I have a phylogenetic tree I am loading in BioPerl. I want to use a custom sort function ("$depth_sort" below) to order the nodes vertically when printing out the tree. However the documented method used below writes out the tree in the same order it was read in, without actually sorting:

use strict;
use Bio::TreeIO;

my $input = new Bio::TreeIO(-file=>"input.tree", -format=>'newick');
my $tree = $input->next_tree;

my $depth_sort = sub { $a->depth <=> $b->depth };

#this is the way it is supposed to work:
my $out = new Bio::TreeIO(
     -file     => ">sorted.tree", 
     -format   => 'newick', 
     -order_by => $depth_sort
);
$out->write_tree($tree);

Instead, I can manually iterate through the tree to see what is happening. If I do my own sort locally, it works as expected:

my $rnode = $tree->get_root_node;
&printNode($rnode);

sub printNode {
    my $thisNode = shift;

    #print the node identity and depth, just to keep track:
    print "this is " . $thisNode->internal_id . 
          " with depth " . $thisNode->depth . "\n";

    if (! $thisNode->is_Leaf) {
        my @children = sort $depth_sort $thisNode->each_Descendent();
        for my $otherNode (@children) { &printNode($otherNode); }
    }
}

But, if I pass the custom sort to each_Descendent (the way the write call above is supposed to):

my @children = $thisNode->each_Descendent($depth_sort);

Then it dies with the message:

Can't call method "depth" on an undefined value at treeFlipper.pl line 7, line 1.

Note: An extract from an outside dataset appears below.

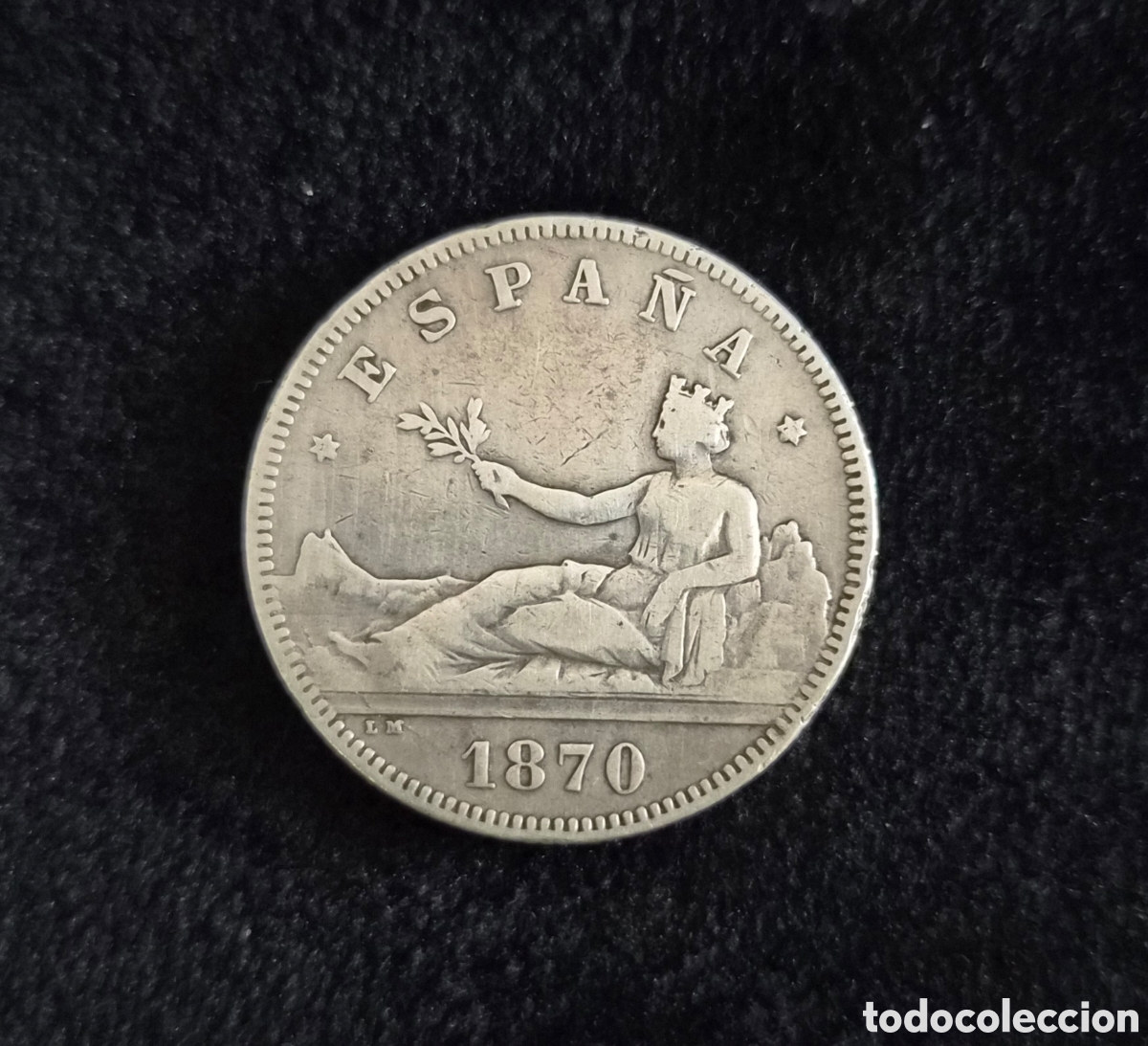 Monedas de Espa&ntilde;a: 2 pesetas 1870 &ndash; Gobierno Provisional &ndash; Plata 835 &ndash; Espa&ntilde;a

I found another thread here that I think has me on the right track, but I haven't solved it yet: Perl sorting; dealing with $a, $b package globals across namespaces cleanly

Switching to the prototyping method in the first answer:

my $depth_sort = sub ($$) { 
    my ($a1,$b1) = @_;
    return ($a1->depth <=> $b1->depth) };

gives me:

Can't call method "depth" on unblessed reference at treeFlipper.pl line 9, line 1.

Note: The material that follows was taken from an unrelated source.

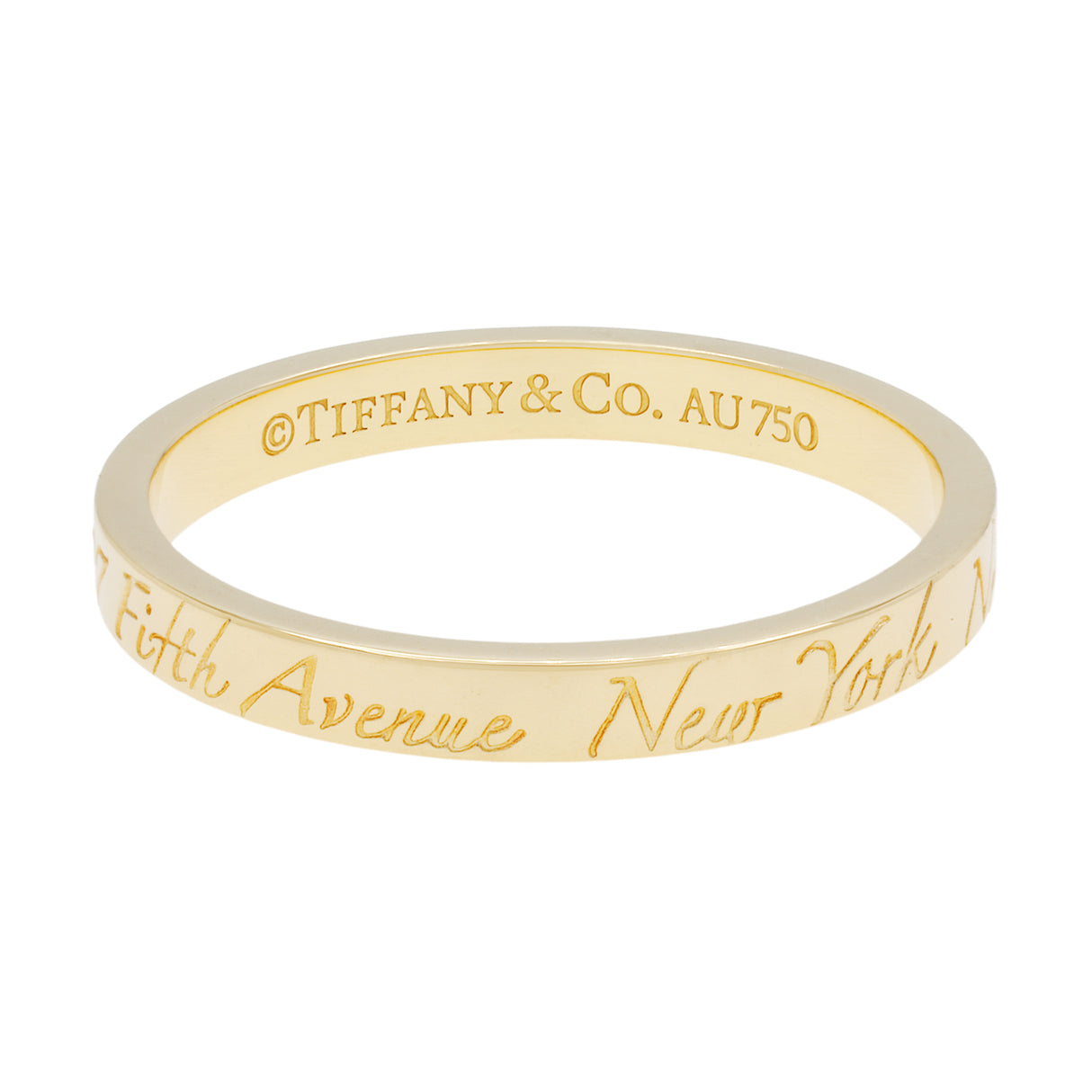 Tiffany & Co. 18K Yellow Gold Notes 'Fifth Avenue New York' Band Ring Designer Jewellery Tiffany and Co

But if I check the ref type, that seems correct:

print ref($a1) . "\n";

gives

Bio::Tree::Node

When I try force-blessing the reference (this is probably a terrible thing to do):

bless $a1, 'Bio::Tree::Node';
bless $b1, 'Bio::Tree::Node';

I get:

Not a HASH reference at /usr/local/share/perl/5.14.2/Bio/Tree/Node.pm line 433, line 1.

The other methods in that thread (using caller) give me the same old "undefined value" error.

Is this a problem with BioPerl, or (as I suspect) am I still missing something? Thanks!

edit: using Perl 5.14.2 on Ubuntu 12.04 LTS


Solution

  • There turned out to be three parts to this:

    1. The sort function does need to be prototyped and indexed directly OR accessed through the calling package, as documented (for instance) in the other thread I linked to.

    2. Why it still didn't work after fixing the sort function is a bit of a mystery, but is probably non-reproducible. It was solved by reinstalling BioPerl.

    3. Finally, it turns out that the current version of BioPerl (I have 1.6.9) doesn't fully implement the "order_by" parameter --the Bio::TreeIO::newick constructor does not set the passed-in value like it should. However, I was able to get around this by explicitly setting the parameter after construction:

      my $out = new Bio::TreeIO(
           -file     => ">sorted.tree", 
           -format   => 'newick', 
      );
      $out->get_params->{'order_by'}=$depth_sort;
      $out->write_tree($tree);
      

    This worked as expected.